Videodrone: The adult westerns of Delmer Daves

Jubal” (Criterion)
3:10 to Yuma” (Criterion)

Delmer Daves was a Hollywood pro with a long career and an impressive filmography. He established himself as a screenwriter with a series of light comedies and romantic melodramas (including the original 1939 Love Affair) before stepping behind the camera with the World War II adventure Destination Tokyo. Like most directors of his era, he moved easily between all genres – war pictures, romances, melodrama, and a few noir-inflected dramas (The Red House and Dark Passage), but he proved his affinity for the western from his very first effort in the genre, the 1950 classic Broken Arrow. Along with his fine eye for imagery, Daves brought a psychological dimension and an adult sensibility to his westerns. In his best films, his characters had relationships and emotions that came out of real life.

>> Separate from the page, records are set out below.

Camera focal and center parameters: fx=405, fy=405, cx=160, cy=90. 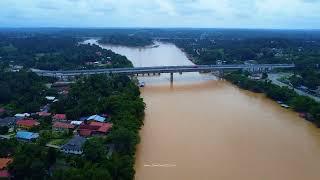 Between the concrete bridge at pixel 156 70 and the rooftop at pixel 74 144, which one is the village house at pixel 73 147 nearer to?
the rooftop at pixel 74 144

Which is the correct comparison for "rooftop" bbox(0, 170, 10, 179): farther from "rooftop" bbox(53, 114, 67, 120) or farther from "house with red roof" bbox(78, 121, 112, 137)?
"rooftop" bbox(53, 114, 67, 120)

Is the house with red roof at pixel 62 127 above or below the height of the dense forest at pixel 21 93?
below

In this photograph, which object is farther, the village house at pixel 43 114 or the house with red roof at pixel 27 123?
the village house at pixel 43 114

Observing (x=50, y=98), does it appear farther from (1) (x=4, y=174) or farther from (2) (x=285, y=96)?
(2) (x=285, y=96)

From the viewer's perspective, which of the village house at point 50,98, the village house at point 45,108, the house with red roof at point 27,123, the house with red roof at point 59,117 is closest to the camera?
the house with red roof at point 27,123

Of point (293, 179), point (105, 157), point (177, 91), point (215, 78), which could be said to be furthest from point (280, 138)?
point (215, 78)

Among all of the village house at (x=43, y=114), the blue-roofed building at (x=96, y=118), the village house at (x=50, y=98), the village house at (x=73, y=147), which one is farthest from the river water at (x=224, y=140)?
the village house at (x=50, y=98) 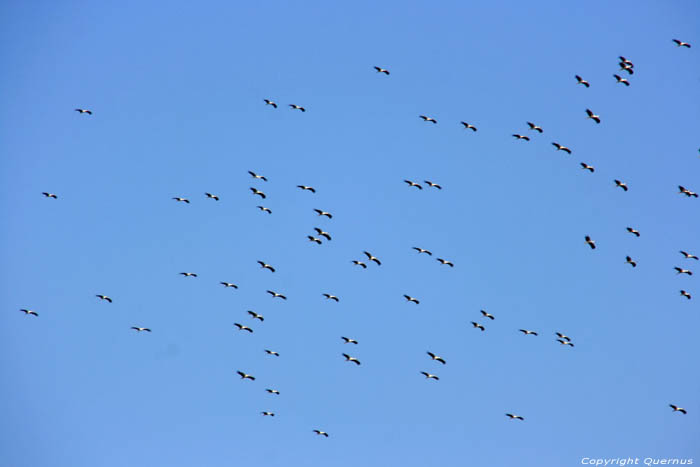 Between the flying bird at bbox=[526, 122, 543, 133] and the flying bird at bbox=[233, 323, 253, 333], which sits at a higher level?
the flying bird at bbox=[526, 122, 543, 133]

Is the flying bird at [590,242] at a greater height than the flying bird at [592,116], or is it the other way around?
the flying bird at [592,116]

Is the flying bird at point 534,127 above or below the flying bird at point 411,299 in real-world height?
above

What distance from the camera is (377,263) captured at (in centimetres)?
13750

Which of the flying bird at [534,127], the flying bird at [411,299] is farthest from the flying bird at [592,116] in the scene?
the flying bird at [411,299]

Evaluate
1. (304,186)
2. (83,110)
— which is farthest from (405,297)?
(83,110)

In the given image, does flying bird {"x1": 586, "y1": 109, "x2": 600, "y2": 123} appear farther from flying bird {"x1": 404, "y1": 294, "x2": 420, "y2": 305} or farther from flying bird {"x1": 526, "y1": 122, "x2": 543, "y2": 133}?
flying bird {"x1": 404, "y1": 294, "x2": 420, "y2": 305}

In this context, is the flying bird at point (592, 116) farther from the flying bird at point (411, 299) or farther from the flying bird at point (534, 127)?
the flying bird at point (411, 299)

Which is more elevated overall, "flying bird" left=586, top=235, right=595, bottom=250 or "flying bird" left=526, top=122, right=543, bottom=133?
"flying bird" left=526, top=122, right=543, bottom=133

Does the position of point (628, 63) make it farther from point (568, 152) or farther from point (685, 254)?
point (685, 254)

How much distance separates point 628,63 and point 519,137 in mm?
13202

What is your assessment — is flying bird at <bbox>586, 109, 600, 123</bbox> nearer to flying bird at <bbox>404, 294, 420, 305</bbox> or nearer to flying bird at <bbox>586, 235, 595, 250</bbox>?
flying bird at <bbox>586, 235, 595, 250</bbox>

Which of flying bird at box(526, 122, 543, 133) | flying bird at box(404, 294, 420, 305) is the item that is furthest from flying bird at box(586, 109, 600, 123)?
flying bird at box(404, 294, 420, 305)

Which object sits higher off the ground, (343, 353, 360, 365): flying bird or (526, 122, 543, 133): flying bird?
(526, 122, 543, 133): flying bird

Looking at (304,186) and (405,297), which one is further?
(405,297) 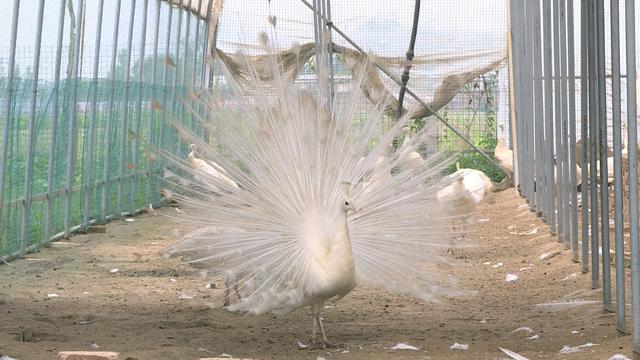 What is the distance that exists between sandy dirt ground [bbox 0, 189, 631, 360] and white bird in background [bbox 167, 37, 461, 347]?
1.28 ft

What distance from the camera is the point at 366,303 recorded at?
30.0 ft

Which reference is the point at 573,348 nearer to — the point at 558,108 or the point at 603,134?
the point at 603,134

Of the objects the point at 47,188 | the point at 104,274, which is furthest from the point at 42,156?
the point at 104,274

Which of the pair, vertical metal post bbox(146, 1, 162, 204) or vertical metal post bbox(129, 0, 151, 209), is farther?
vertical metal post bbox(146, 1, 162, 204)

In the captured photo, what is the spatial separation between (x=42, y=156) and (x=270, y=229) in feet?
17.8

Criterion’s stamp on two of his most interesting westerns may help bring a little more attention to the director. Jubal (Criterion) is the first of three westerns Daves made with actor Glenn Ford, already a seasoned western presence by 1956. Here he’s an itinerate cowhand and a wary loner hired by rancher Ernest Borgnine, a garrulous, generous guy who becomes both father figure and best friend to the emotionally bottled up cowhand. It’s been called “Othello” on the range, with Rod Steiger as the bitter ranch hand playing Iago to Borgnine’s Othello, but the Desdemona of this piece is no innocent victim but a dark, exotic beauty (she’s Canadian, apparently to explain away Valerie French’s accent) in a stifling marriage to the sincere but crude and boisterous cattleman. Young and deeply disenchanted, she sets her eyes on the simple, stoic cowboy.

Ernest Borgine, Valerie French, and Glenn Ford

This is less a Shakespeare western than a Hollywood melodrama in chaps and Daves was a seasoned hand at both genres. He favors suspense to action and violence, tightening the tension until Steiger (himself spurned by French) finally pushes his boss over the edge and the cycle of violence begins. Even then, the violence is brief and abrupt and Daves leaves the most brutal assault offscreen. Noah Beery Jr. and John Dierkes offer easy-going support as Ford’s friendly bunkmates and fellow cowhands and Charles Bronson takes a small but key role as a plain-speaking cowhand whose loyalty to Ford’s Jubal is unshakable even when Steiger turns the town against him. Daves brings out Bronson’s easy-going humor and understated style, a side so rarely tapped by other directors.